:: Your objective ::
All lines in the records below from the line with "Colorless round moissanite" through the line with "Bunny Brooches which" are to be given again exactly, both ends included; the pictures are to be left out.
(Dataset)
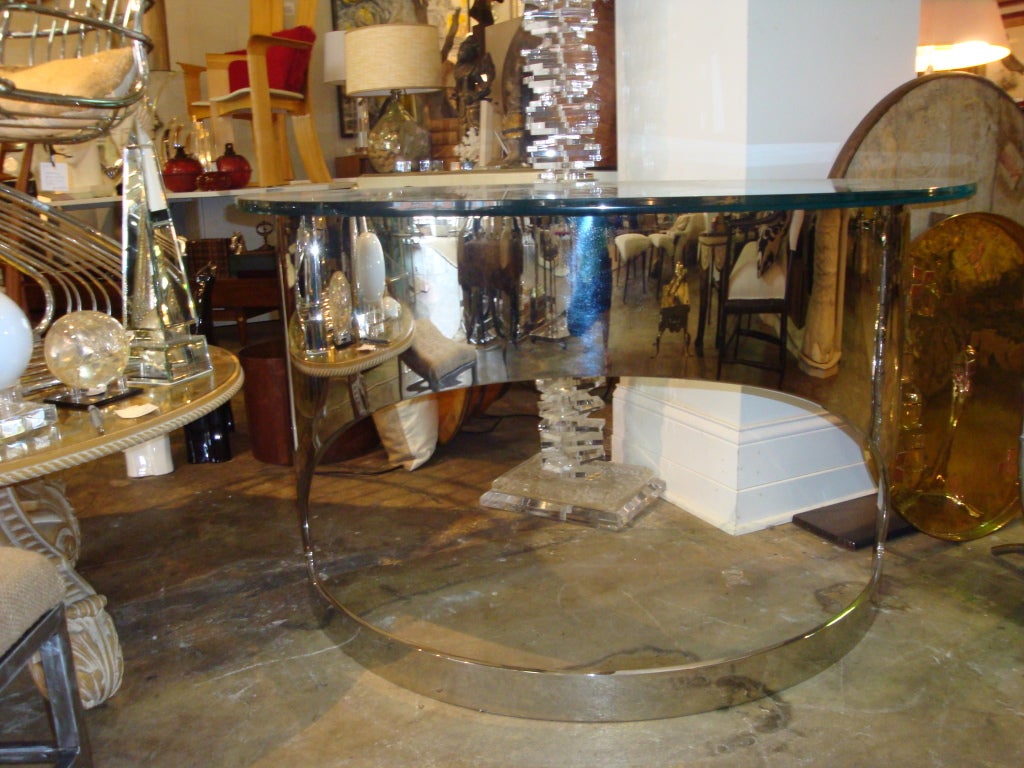 Pair of chic polished stainless steel and glass console tables by Paul M. Jones, New York.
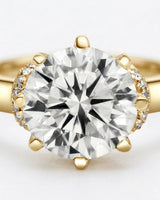 Colorless round moissanite framed by an eight-prong yellow gold flower-inspired crown | SARATTI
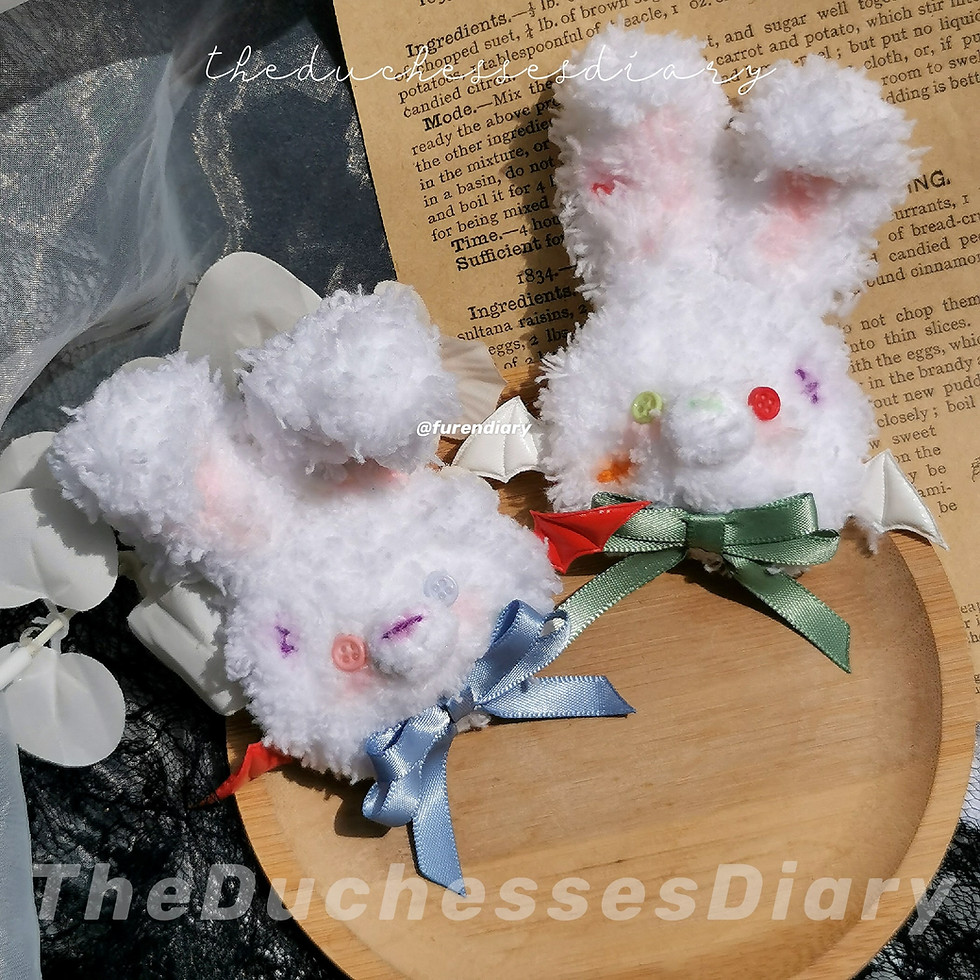 Bunny Brooches which have button eyes specifically designed to match the Halloween season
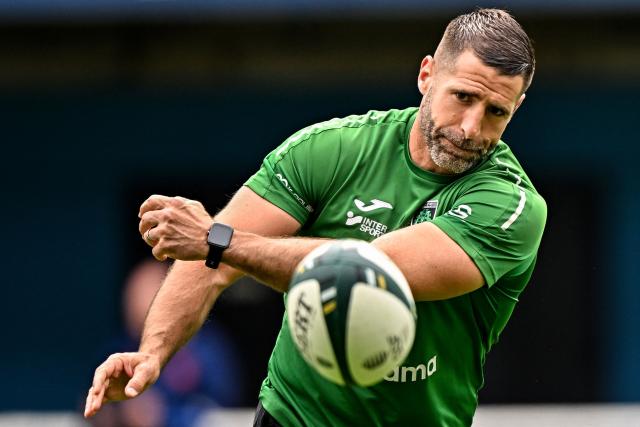 Montauban's French head coach Sebastien Tillous-Borde gives the ball during warm-up ahead of during the French Top 14 rugby union match between Montpellier Herault Rugby and US Montauban at the Yves-du-Manoir Stadium in Montpellier, southern France on May 9, 2026. (Photo by Gabriel BOUYS / AFP)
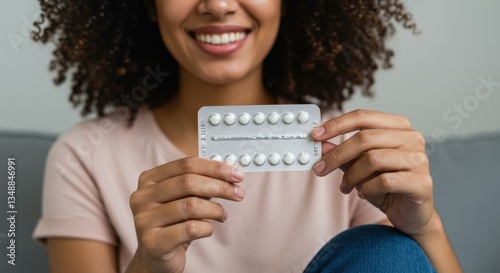 Happy woman holding a blister pack of pills, showcasing a positive and relaxed attitude while managing her health.
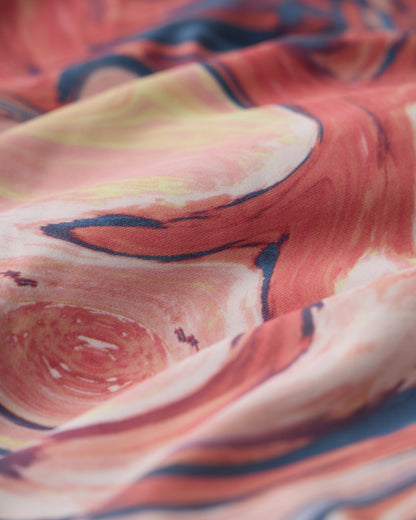A close-up of The Elba One Piece - Lantana by Dandy Del Mar, showing its red, yellow, and navy blue abstract swirl pattern and soft folds—a sophisticated swimwear choice.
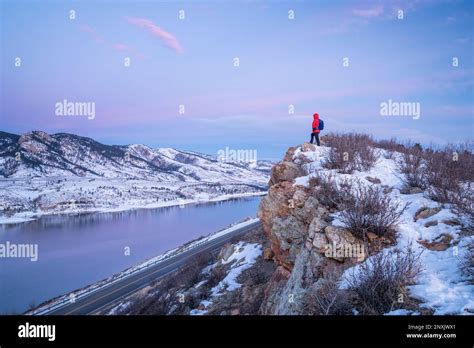 hiking Colorado before sunrise - male hiker on cliff above Horsetooth Reservoir in winter ...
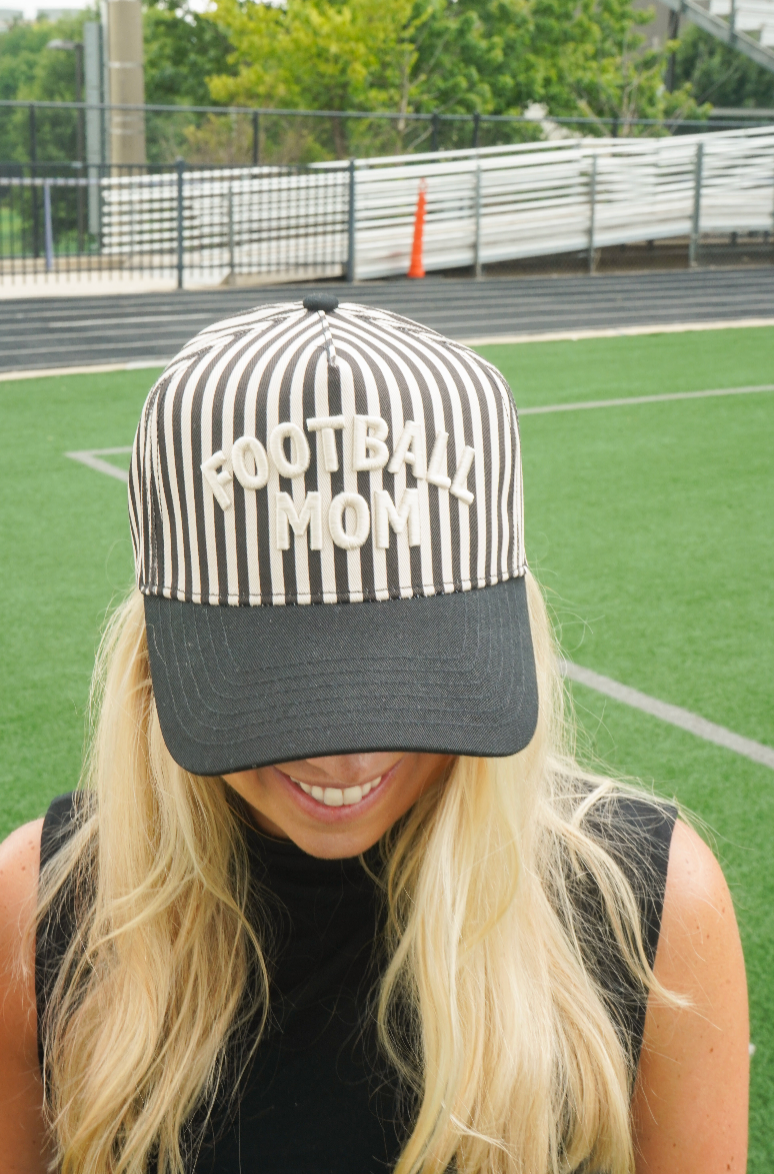 A woman on a sports field wearing a black and white vertically striped baseball cap with 'FOOTBALL MOM' embroidered in white across the front, with a black visor.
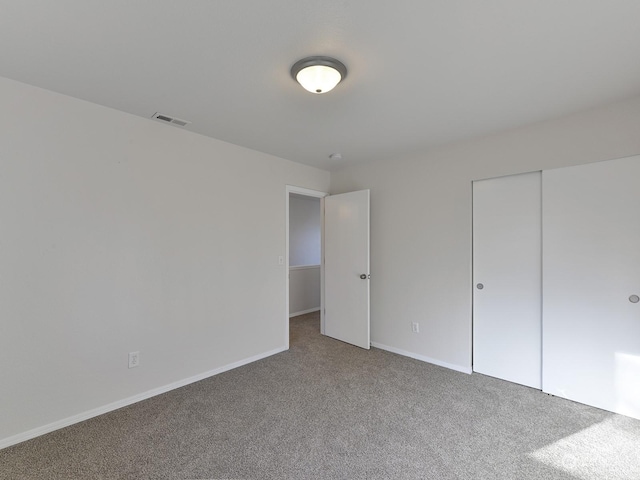 unfurnished bedroom with a closet and carpet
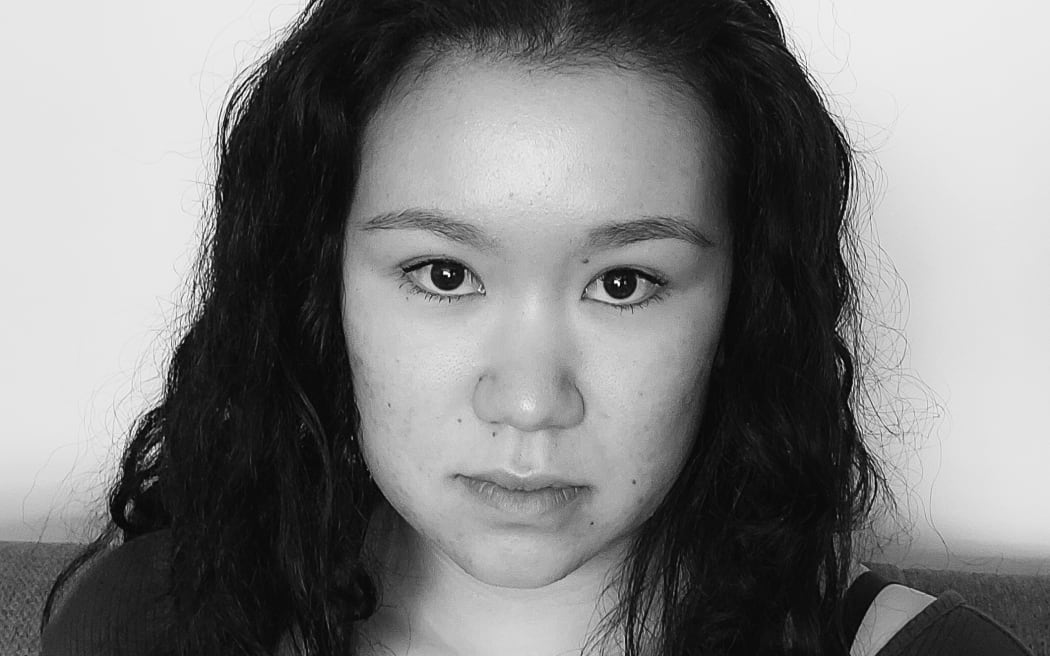 Black and white full-frame photo of Dunedin youth writer Shima Jack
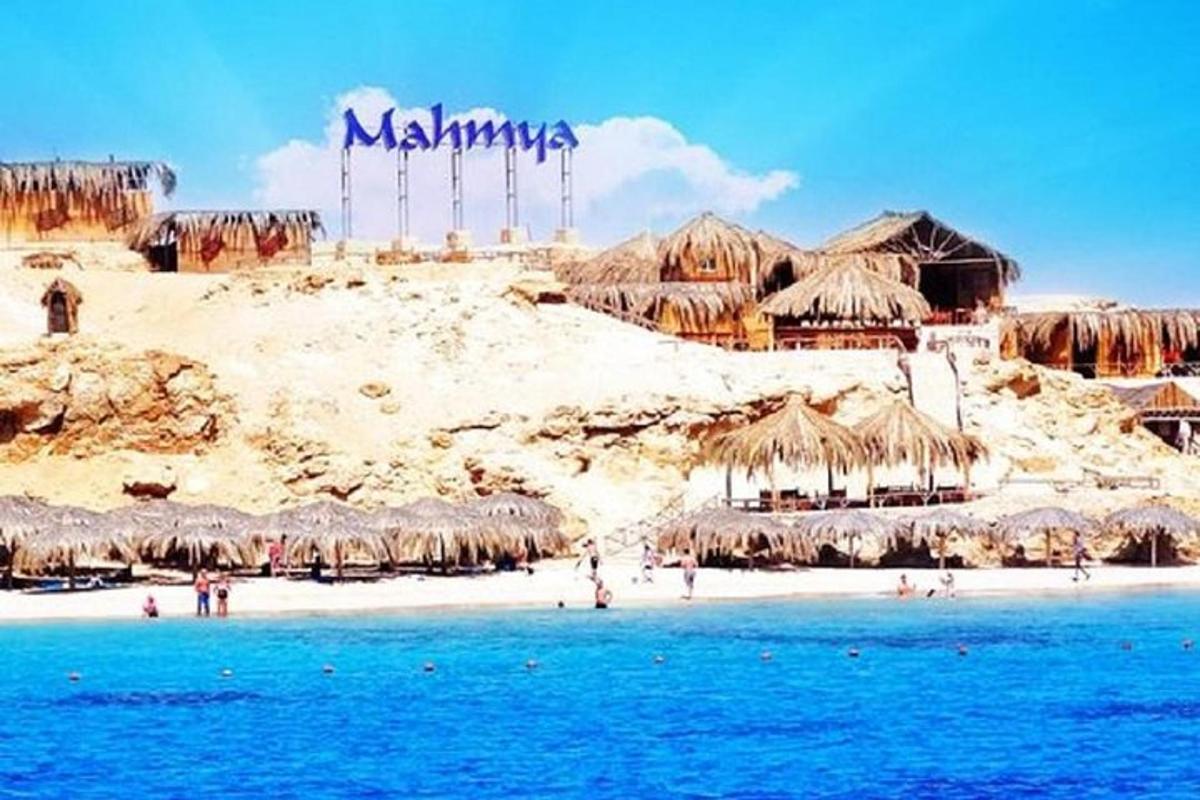 una spiaggia con ombrelloni di paglia e gente sulla spiaggia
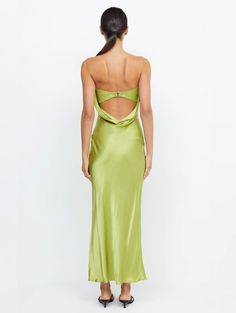 the back of a woman wearing a lime green satin slip dress with an open slit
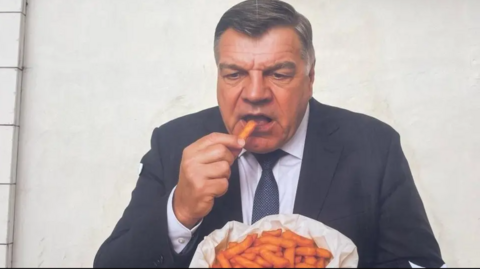 Sam is pictured in a navy suit and tie holding a bag of orange chips and putting one in his mouth with quite an intense look in his facial expression.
(End Dataset)
:: Response for this exercise ::
 Colorless round moissanite framed by an eight-prong yellow gold flower-inspired crown | SARATTI
 Bunny Brooches which have button eyes specifically designed to match the Halloween season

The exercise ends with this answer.